ADDRESSING ONLINE SALES Tax

With the Supreme Court decision in South Dakota v. Wayfair, Congress needs to create national standards so businesses aren’t faced with the logistical nightmare of trying to comply with differing requirements in the 12,000 taxing jurisdictions nationwide. The Remote Transactions Parity Act and Marketplace Fairness Act create a nationwide clearing house system to simplify the sales tax collection process and protects businesses from unnecessary audits.
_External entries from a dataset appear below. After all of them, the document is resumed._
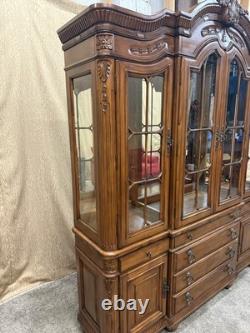 Delivery available Read description vintage solid wood hutch cabinet with lights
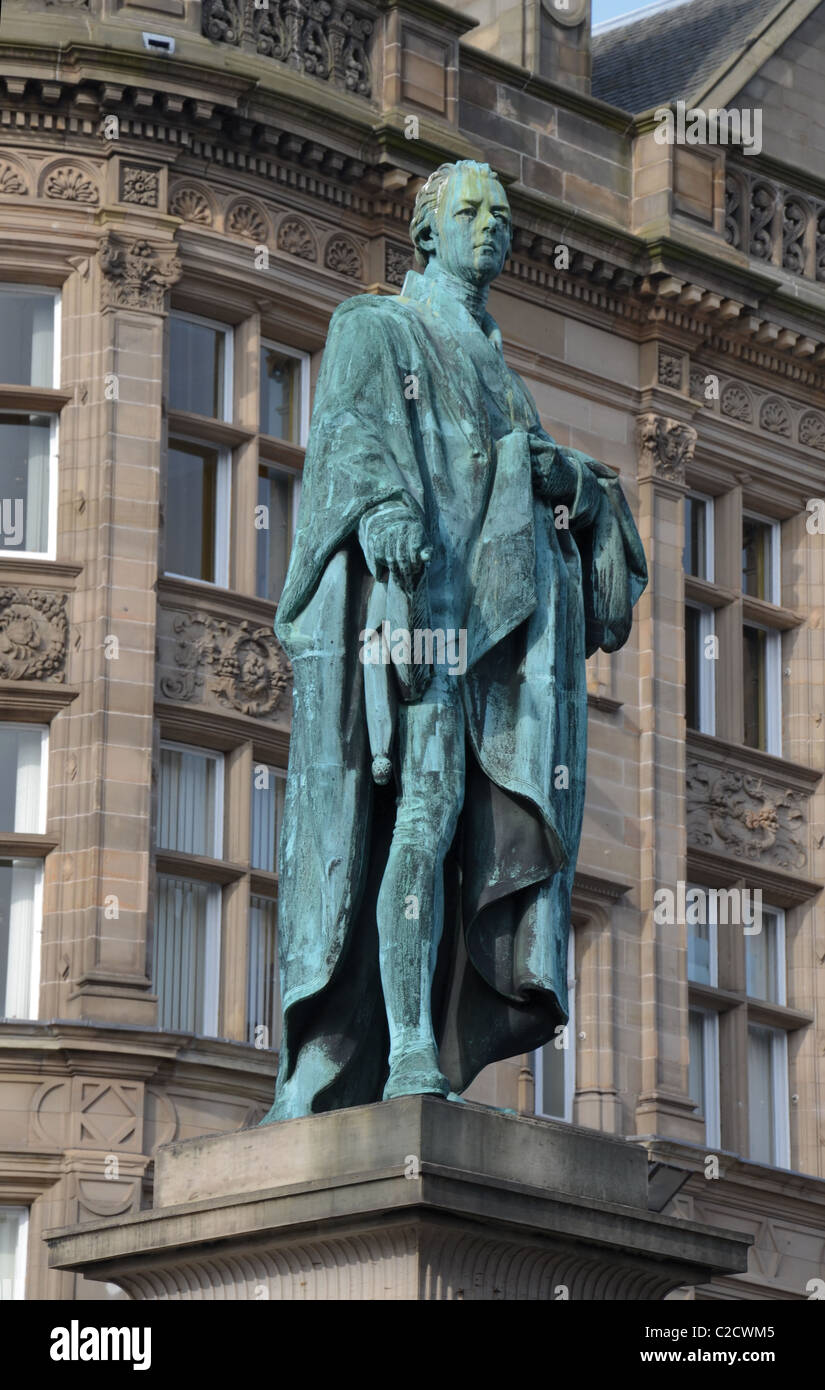 The Statue of William Pitt the younger (1759-1806) , stands at the junction of George Street and Frederick Street in Edinburgh, Scotland, UK. Stock Photo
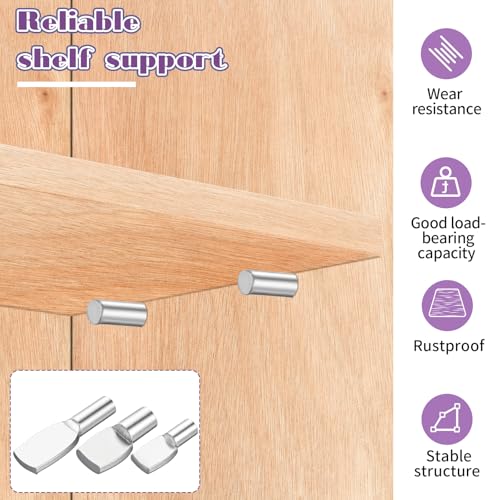 48 PCS Shelf Pins, 5/6/7mm Shelf Tabs Cabinet Pegs for Shelves Pegs for Cabinet Shelves Spoon Shape Support Pins Silver Steel Tabs for Bookshelf Kitchen Furniture Adjustable Wood Shelfs Holder - Thumbnail 6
WHY IS IT GOOD FOR OUR INDUSTRY?
With the Supreme Court decision in South Dakota v. Wayfair, Congress needs to create national standards so businesses aren’t faced with the logistical nightmare of trying to comply with differing requirements in the 12,000 taxing jurisdictions nationwide. This is particularly important since 31 states already have some law requiring sales tax to be collected without a physical presence, and the Supreme Court decision did not clearly identify which aspects of those state laws could be considered an undue burden on interstate commerce. The Remote Transactions Parity Act and Marketplace Fairness Act create a nationwide clearing house system to simplify the sales tax collection process and protects businesses from unnecessary audits.

MORE DETAIL
NAED spent years trying to protect members from online sellers who received up to a 10% price advantage from misleading claims relating to purchases being tax free. In order to help address this, NAED joined an amicus brief in South Dakota v. Wayfair, where the Supreme Court agreed to support leveling the playing field with respect to e-commerce by allowing states to require retailers to collect sales taxes, even if the retailer doesn’t have a physical presence in the state. Now the nexus rule will focus on “whether the tax applies to an activity with a substantial nexus with the taxing state”. The opinion of the Court discusses how the economic and virtual contacts of this case are clearly sufficient to form such a nexus. Without more guidance, it isn’t clear which state laws are enforceable, but the opinion of the court strongly suggested that South Dakota’s law will pass constitutional muster. This is due to a number of factors including that: (i) the law applies only to sellers that deliver more than $100,000 of goods or services into the state or engage in 200 or more separate transactions for the delivery of goods or services into the state on an annual bases; (ii) it ensures that there is no obligation to remit the sales tax retroactively; (iii) South Dakota is a state that has adopted the Streamlines Sales and Use Tax Agreement; and (iv) the law provides sellers access to sales tax administration software paid for by the state, and sellers who choose to use such software are immune from audit liability.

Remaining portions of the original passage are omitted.